Mushaf Waqf & Ibtidāʾ – Syed Nasir Omar al-Sagoff


In the name of Allāh, the Most Gracious, the Most Merciful. All praise be to Allāh who governs the Universe. Peace be upon Prophet Muhammad , and his Companions, who upheld the Qurʾān during the time of the Prophet and after his demise. May Allāh bless them and be well-pleased with them all. Since the time when the Qurʾān was sent down to Rasulullāh , its spread to the whole of Arabia became instant. By the will of Allāh  and the triumph of Islam in the lands it liberated, the Qurʾān widened its reach to whole continents and continues to do so to this day as it is still used by millions of Muslims of different races and countries. It cannot be denied, that the Qurʾān in Arabic is the most important reading for the Ummah of the Prophet Muhammad . The Qurʾān is the basic foundation of life that we should know and embrace.

Muslims began learning how to recite the Qurʾān with proper pronunciation and abiding by the rules of Tajwīd besides attempting to gain understanding from it. Learning the rules of Tajwīd such as Idghām, Ikhfāʾ, Iẓhār, Iqlāb and the conditions of Mad are easily available since all of it was already formulated by the Qurrāʾ (Qurʾānic scholars) in a manner that is sufficient for those yearning to read well.

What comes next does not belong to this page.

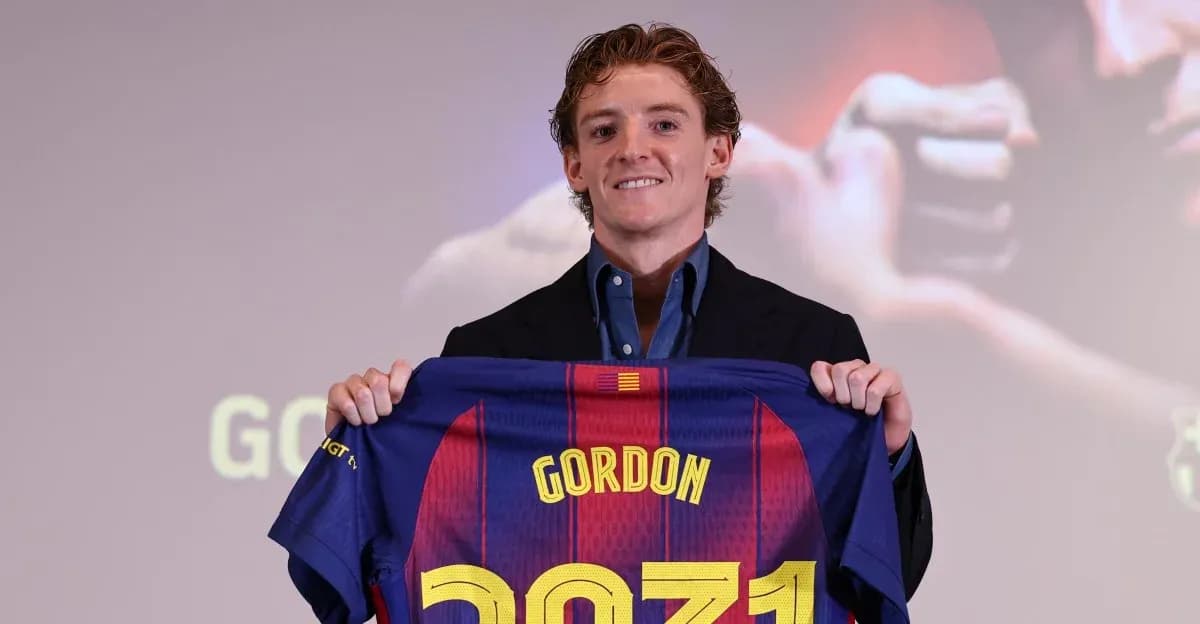 Player holding Barcelona jersey at press conference Player holding Barcelona jersey at press conference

However, non-Arab readers of the Qurʾān face difficulty in knowing where to end when reciting its verses, and where to begin reciting again, when they are forced to pause due to shortness of breath, coughing, sneezing and the like. Here then, comes the ruling of Waqf and Ibtidāʾ. To the Arabs or those who have learned Arabic, this is not a problem since they would be able to read with ease and know when to continue reciting after stopping, with perfect continuation.

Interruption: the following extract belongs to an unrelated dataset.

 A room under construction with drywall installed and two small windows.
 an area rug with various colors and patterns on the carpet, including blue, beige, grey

For those who are not well-versed in Arabic however, it would be difficult for them to identify the points where they should start reciting again if they experience shortness of breath or things of the like.

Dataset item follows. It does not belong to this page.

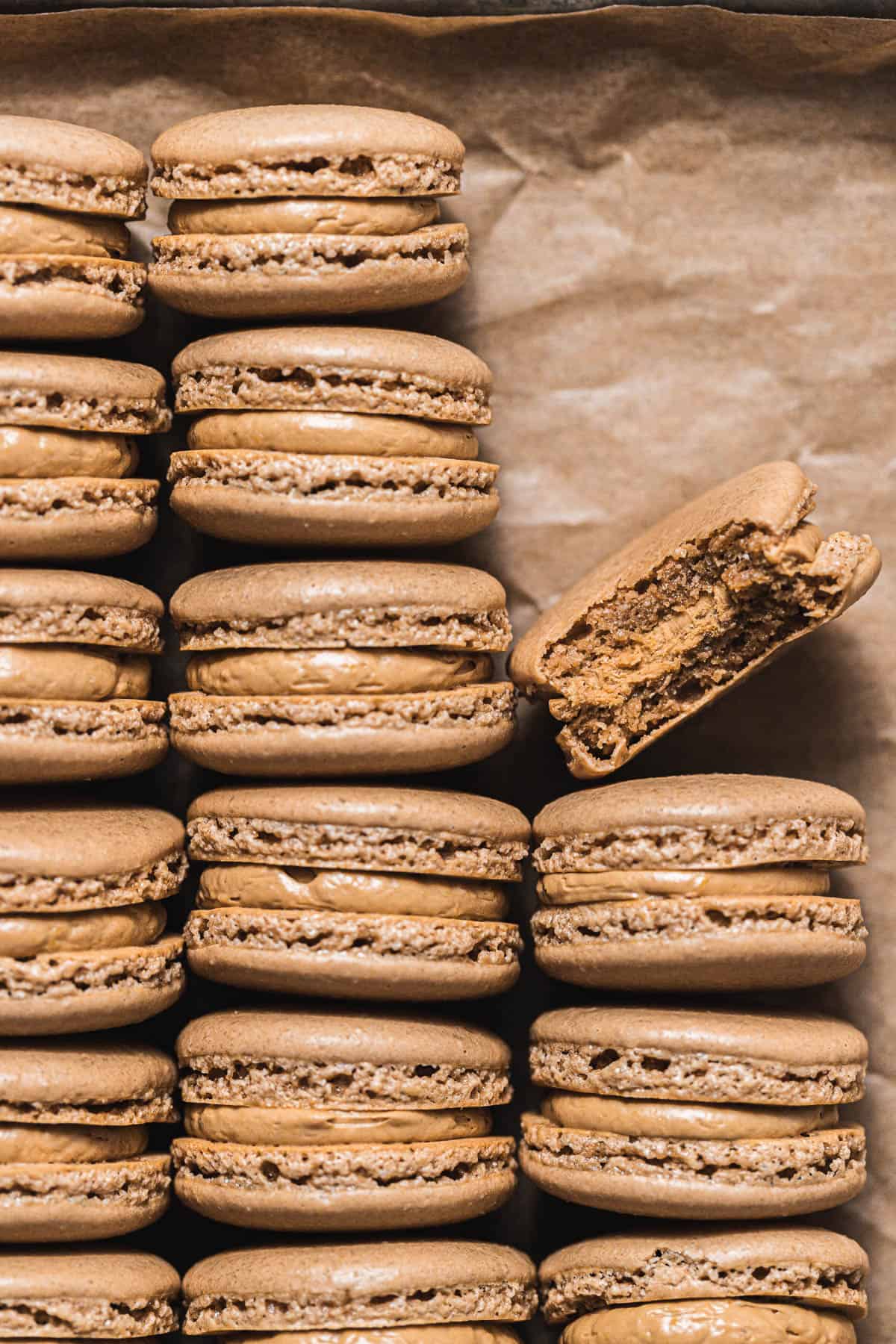 coffee macarons lined up on parchment paper.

As is known, a simple mistake in starting at a wrong point of a verse from the Qurʾān could change the whole meaning of that verse. Thus, the Qurrāʾ began the effort of introducing signs or symbols of waqf (where to stop), and ibtidāʾ (where to begin)to make it easy for those who are not familiar with the language of Paradise. In doing this, they hoped that readers would be able to read the Qurʾān properly by not disrupting the meaning of what they recite. This has been well-used by Muslims all over the world. In spite of it, readers still face difficulties in knowing when to start or stop when faced with a rather long verse. This has become a predicament to many readers of
the Qurʾān.

It is thus necessary for them to learn this matter from qualified teachers who understand the language of the Qurʾān so that they can be familiar with these points, when they are forced to stop at long verses due to shortness of breath, coughing and such.

By the grace of Allāh  and gratefulness towards Him, I hope that my humble effort to indicate by colour, the appropriate points where one starts or stops reciting in both long and short verses, will be of benefit to those who do not understand Arabic in order to help them recite better and with confidence.

May Allāh  grant us the best and may the Qurʾān bring benefit to us all. Amin.